Discussion Intel current and future Lakes & Rapids thread

Thunder 57 · Sep 23, 2019

Ajay said:
...I just can't see them going with large monolithic client CPUs anymore (except for laptop).

I agree. It will be interesting to see what they mean by "Cache Redesign". I think at the very least they go to 1MB L2 with a non-inclusive L3.

Ajay · Sep 23, 2019

Thunder 57 said:
I think at the very least they go to 1MB L2 with a non-inclusive L3.

Or, one of these hybrid inclusive/non-inclusive L3$ designs.

jur · Sep 24, 2019

Thunder 57 said:
I agree. It will be interesting to see what they mean by "Cache Redesign". I think at the very least they go to 1MB L2 with a non-inclusive L3.

Desktop / notebook Tigerlake will have 256kb L2 and 3mb L3 / core. There were some leaks; maybe wccftech has news about it somewhere and there were also some twitter posts.

My impression is that large L2 caches burn quite some power - see Bulldozer, Skylake x. Besides, when comparing client Skylake to the server Skylake, one can see that for typical desktop workloads and gaming large L2 is not really beneficial. Maybe even the opposite since it has higher latency. Server Skylake is another story with it's 2x avx512 units - it's a different optimization point.

Thunder 57 · Sep 24, 2019

Ajay said:
Or, one of these hybrid inclusive/non-inclusive L3$ designs.

Don't think I've heard of that. How can it be inclusive and non-inclusive? Are there CPU's out there that use that design?

jur said:
Desktop / notebook Tigerlake will have 256kb L2 and 3mb L3 / core. There were some leaks; maybe wccftech has news about it somewhere and there were also some twitter posts.

My impression is that large L2 caches burn quite some power - see Bulldozer, Skylake x. Besides, when comparing client Skylake to the server Skylake, one can see that for typical desktop workloads and gaming large L2 is not really beneficial. Maybe even the opposite since it has higher latency. Server Skylake is another story with it's 2x avx512 units - it's a different optimization point.

I think the large L2 on BD was to compensate for its horrible latency. Could be wrong. But they did get BD down to surprisingly low power by Steamroller/Excavator. Interestingly with Excavator they did cut the L2 cache, while increasing the L1 though.

NostaSeronx · Sep 24, 2019

Thunder 57 said:
I think the large L2 on BD was to compensate for its horrible latency.

"The L2 cache’s large capacity and high associativity makes destructive interference between the two threads less likely." <- BULLDOZER: AN APPROACH TO MULTITHREADED COMPUTE PERFORMANCE

"For "Bulldozer" AMD implemented a write-thru L1D cache and focused on improving pre-fetch algorithms and increasing L1D cache bandwidth on popular small block transfers.
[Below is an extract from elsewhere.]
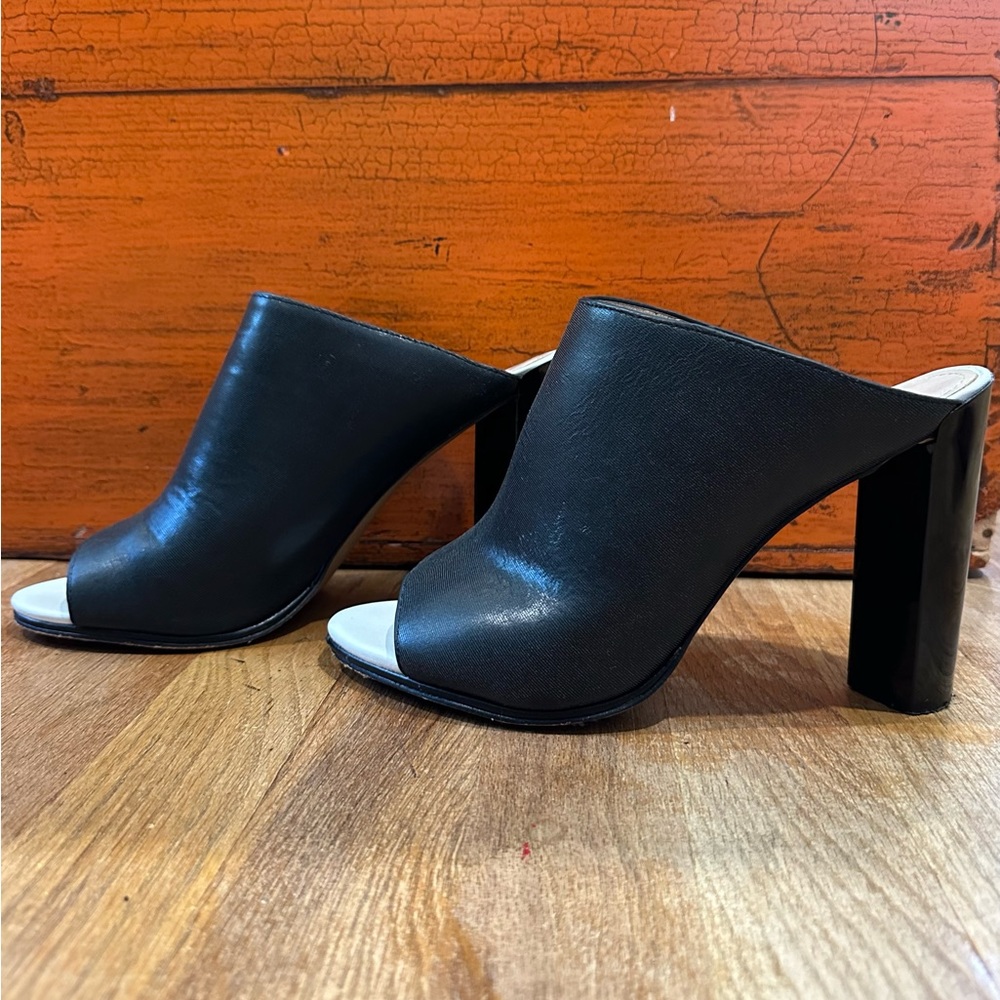 Gently used French Connection block heel open toe mule.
For those less frequent, larger block transfers we rely upon the efficiencies built into our large 16-way 2MB L2.

Based on the average workloads today, we see this new design - despite the smaller L1 cache - as a more efficient way to process data." Mike Butler, Senior Fellow Design Engineer, AMD / HardOCP Readers Ask AMD Bulldozer Questions

¯\_(ツ)_/¯
The large L2 seems to stem more from the smaller L1 caches which provided more aggressive thrashing of an unknown smaller L2 option. I guess it could figuratively be the same with SMT, high-associativity and high-capacity is preferred in server workloads.

Skylake => 256 KiB/core - 4-way set associative - 12-cycle latency
Skylake-SP => 1 MiB/core - 16-way set associative - 14-cycle latency

Technically, some how Skylake-SP should have more effective multi-threading per core.

I have identified three different Willowcove implementations; a Server WLC(WillowcoveX), a Client WLC(Willowcove), and a Mobility WLC(Willowcove_M). Just because TGL doesn't have large L2 doesn't mean SPR won't.

^-- Bulldozer had an option for 1 MB 16-way w/ 18-cycle latency. But, is the 2-cycle gap worth the cache misses?

jpiniero · Sep 24, 2019

intel/mainline-tracking

This project is hosting an upstream tracking, rebasing branch of technology and enabling development for selected Intel platforms. It will get updates following most Linus Torvalds RC releases. - i...

github.com

A reference to Eagle Stream WS (Sapphire Rapids). It would make sense if Intel just cancels Icelake Server and just rolls with Sapphire Rapids.

mikk · Sep 25, 2019

“[Sunny Cove has an] 800 instruction window, sustains between 3 and 6 x86 instructions per clock,” says Keller, “massive data predictors, massive branch predictors… We’re working on a generation that’s significantly bigger than this and closer to the linear curve on performance. This is a really big mindset change.”

Intel’s next-gen CPU architecture will be “significantly bigger” than Sunny Cove

Jim Keller is touting a performance boost that scales "closer to the linear curve" relative to increases in transistor count

www.pcgamesn.com

I wonder if the significantly bigger CPU architecture will be Golden Cove or some other successor of it.

Thala · Sep 25, 2019

Thunder 57 said:
Don't think I've heard of that. How can it be inclusive and non-inclusive? Are there CPU's out there that use that design?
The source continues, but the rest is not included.